A typical conversation in my day:
Friend: “Oh, you biked here?”
Friend: “But, you’re wearing a dress!”
Friend: “How do you do THAT?!”
Biking in a dress:
I’m here to tell you that you can ride a bike in anything. My only disclaimer: there are certainly some clothing options that would be less comfortable (skinny jeans), but not impossible.
If you read my guide on Fashion for the Curvy Mom, you may remember that I wear dresses or skirts most of the time, especially for my work attire. I also commute by bike to work fairly often. When I first began biking to work, I wore “athletic clothing.” I packed my business-dress clothing in a bag and changed in a bathroom when I arrived. At some point I gave riding in my work clothes a try, but it didn’t go well. I was sweaty and gross. The problem was the amount of clothing I was wearing, so from that point forward I had two goals: eliminate the need to change clothes at work and do not overheat.
My solution to this problem:
Dresses – flowy, feminine, cute and cool dresses. But how does one deal with a skirt flapping up in the wind accidentally exposing everything? Here is where things get fun!
There are many ways to stay lady-like while on your bicycle:
Penny in Yo’ Pants – this option is certainly the most fun when it comes to its name and silly video! I gave this method a try when I first began biking in skirts and it was a major fail for me. I have thick thighs and unless I was wearing a skirt with A LOT of fabric, it was impossible to wrap the skirt around my legs. The general premise is to gather your skirt’s fabric between your legs and tie it up with a hairband wrapped around a coin.
Skirt Weight – A favorite site of mine, Bike Pretty, sells this skirt weight for $18. You clip it to the front of your skirt and the weight stops the wind from lifting your skirt.

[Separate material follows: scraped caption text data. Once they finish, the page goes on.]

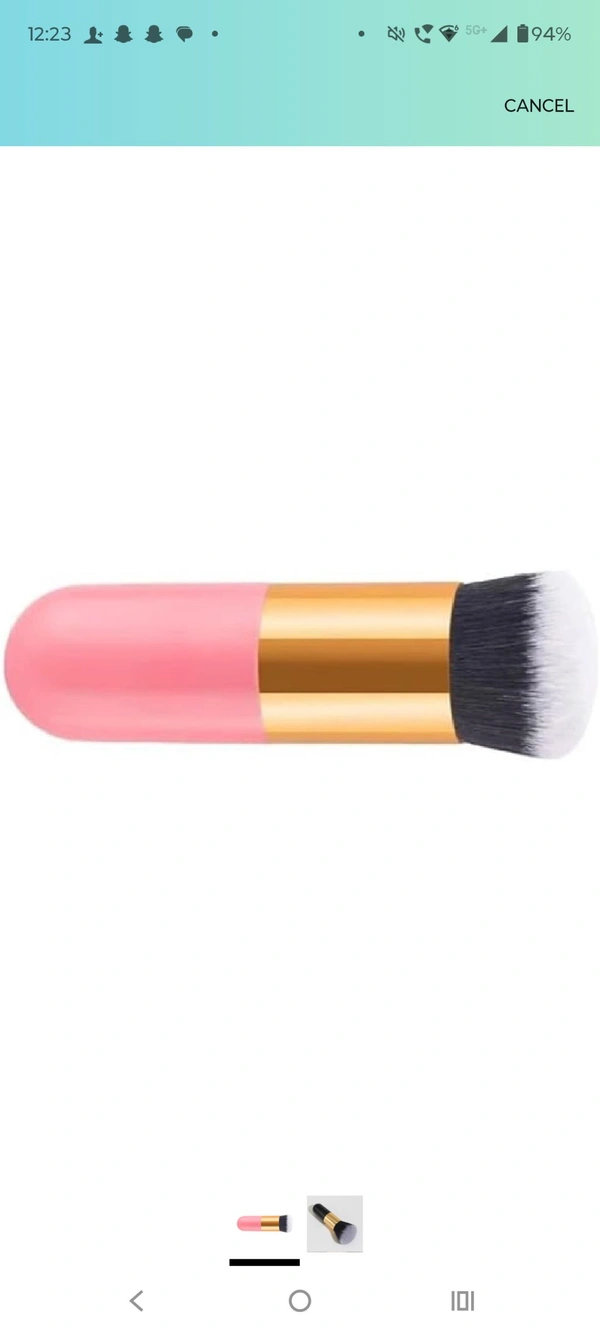 Single makeup brush Small Fat Black Gold Foundation Brushes Blush Beauty Tool Mini Portable travel friendly (Pack of 1 Any Color)
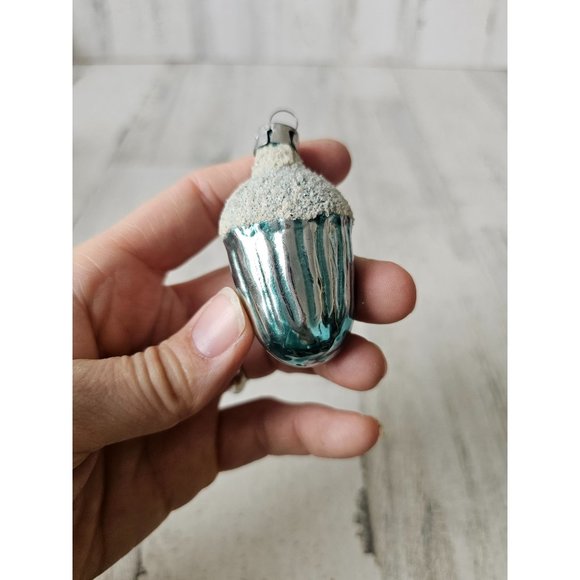 Vintage acorn glass glitter ornament flocked frosted Xmas tree - Picture 10 of 11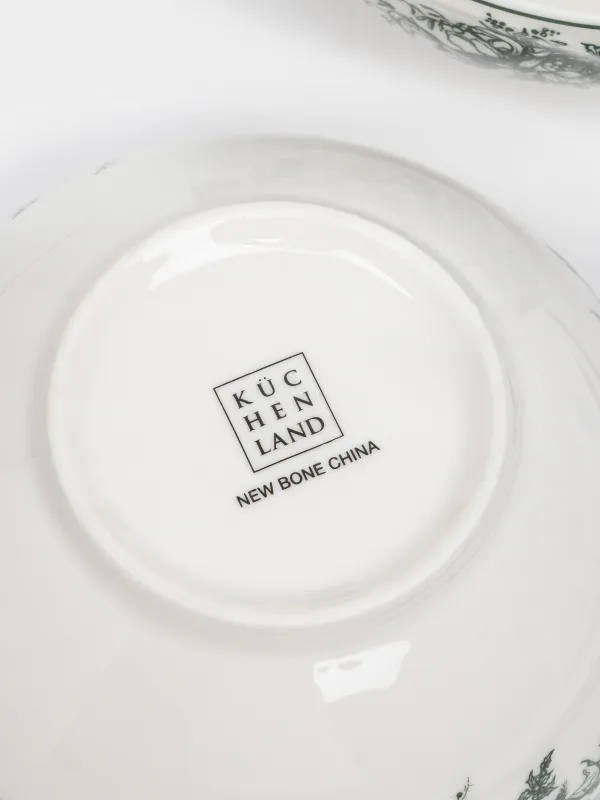 Пиала, 14х7 см, 2 шт, фарфор N, бело-зеленая, Зимний букет, Winter lace, image-6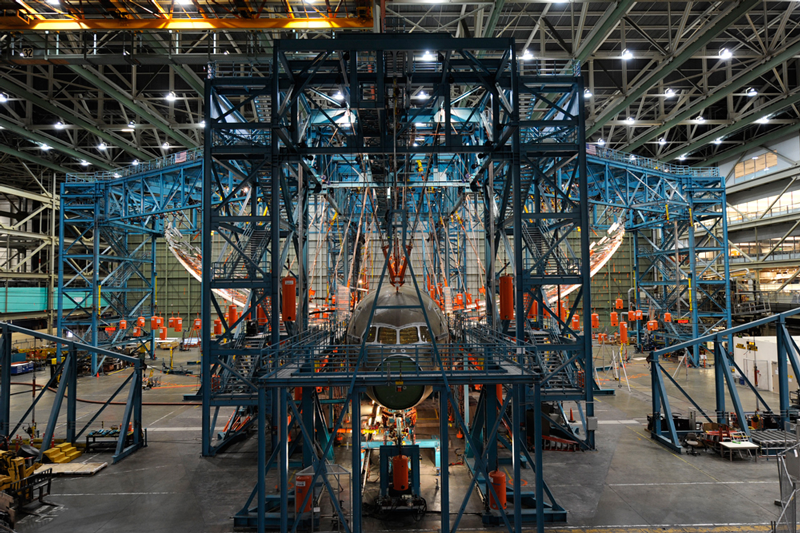 stress tests on a Boeing 787 airframe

Skirt Garter – Many bike shops have bike garters for sale and the price is around $12, a reasonable cost. It wraps around your thigh and clips onto your skirt similar to the way garter belts clip onto nylon hose. I have some friends who are big fans of this method while biking in a dress, but I don’t trust the elastic to survive its grip of my thick thighs.
Slip Shorts/Bike Shorts – I mentioned my love for slip shorts in my fashion guide as a solution for “chub rub,” but I love them for biking, too. Sometimes the shorts can feel more like underwear. In that case, I’d recommend using run-of-the-mill cotton bike shorts (or spandex, if you dare). If you don’t need them to stop chafing, you can slip them off when you arrive at work.
Will you give it a try?
Hopefully you’ll find one of these methods is workable if you’re interested in biking in a dress! Wearing a dress encourages drivers to treat me with more caution than if I was decked out in cycling gear. Plus, I tend to bike more slowly and stay more visible this way. Safety first!